Wednesday, April 16, 2008

Caution: Discouragement below

Today I met one of those people who makes me feel like the most unaccomplished, wasted, insignificant and lowly person walking this globe. I saw a Behringer headphone amp on craigslist, emailed the seller, and ended up driving out to Greentree to pick it up at his office this afternoon. Garry had long enough hair to be a tried and true music guy, but short and neat enough to be very professional. He had mentioned his studio on the phone, so I asked him about it as we stood in the stark lunchroom (straight out of The Office!) and he hooked up the unit so I could test it. Turns out he ran a studio all the way from a four track tape rig in the 80's to a full-blown 32-channel board with all kinds of gear and people working there... while playing in bands himself and working as a software engineer. He's finally knocking the studio down to a home rig since the crazy amount of work and time and lack of sleep was getting to be too much. I use Cakewalk Sonar 2.0 as my recording software. Turns out he was on the beta testing team for Cakewalk for years, and he wrote some of the code that they use in Sonar. He spoke about mics and boards and gear and bands and musicians with the ease of immense familiarity.

I drove away from the gleaming office building despising my pitiful, introverted, connection-less, lackadaisical, unfocused, unmotivated, unproductive little suburban life. Hearing about Ken's accomplishments in Africa hasn't helped either. Leading tours, hanging out with a multimillionaire client, setting records in Ethiopia, working on writing a field guide, posting 100% professional-looking pictures of vistas that make me almost wet my pants, planning and working to break the North American record for the most bird species seen in 1 day (which he's got sponsors to pay for, by the way)...

While here I sit in my colossally tiny world of church friends (Whom I love, don't get me wrong! You guys are.. far better than most of the world even knows can be), a few work friends (with whom I have no connection outside of work), and... what is it 1? maybe 2 friends from college? I roll through this life safe in my car, paying for everything I do and everywhere I go, talking pleasantly with strangers behind counters whom I'll never see again, and holding unrelentingly onto my time and activities. I find myself waiting to end conversations with people! Just because.. it's less effort to not talk! The thought of making my life, my evenings, my hours, my meals, my time, my effort, part of something other than church, work and the occasional trip to Akron or elsewhere is inconceivable.

That is the functional reality I am faced with in those moments when I crave being accomplished in real-life, professional-level fields. I am so far from real music people, people running studios, the actual livings and breathings of professional musicians and studios that it makes me snort a despising laugh at myself. And the thing that kills is that I can't kid myself that I'll start making those kind of connections. My life isn't going to change that drastically! If it was, it would have by now!

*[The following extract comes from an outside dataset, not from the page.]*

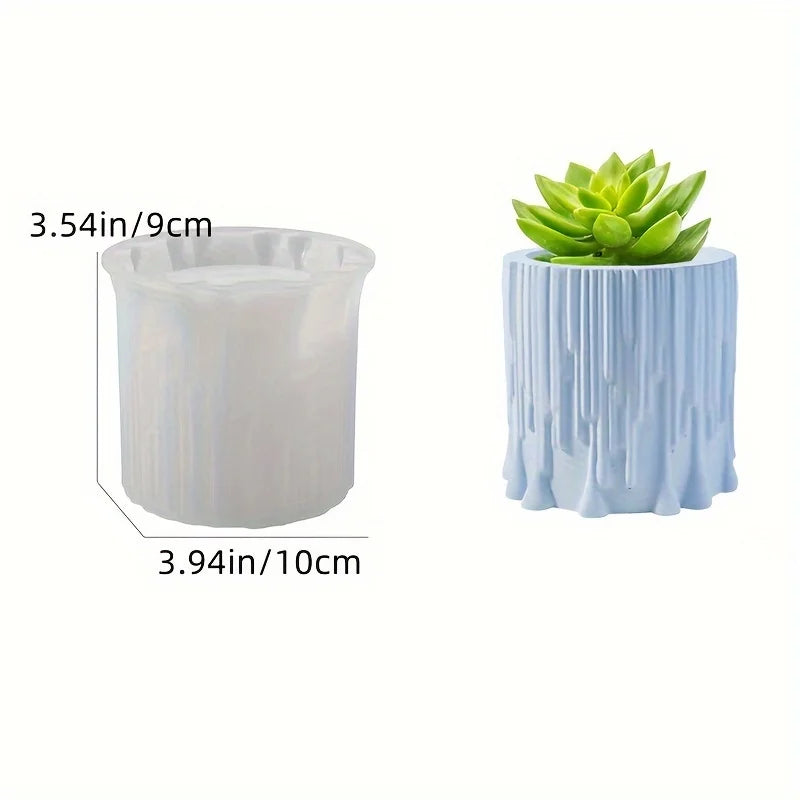 Candle Jar Mold – Silicone for Resin & Concrete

I have never done my recording at the level of fierce seriousness that gets you moving up and into professional (or even just freakin' serious hobby) circles. And though I hurt inside for the lack of accomplishment, I know that that is not the same as a motivation that will begin to generate that kind of productivity.

So I sit in our kitchen with a knot in my stomach, hatred for myself, and thick chains of laziness, personality and years past and gone locking me down. There is no one to blame but myself.

You may protest - oh! You go to Akron! You travel around! You're a better guitar player than me! You have a studio in your basement and you've made two albums and like 70 songs!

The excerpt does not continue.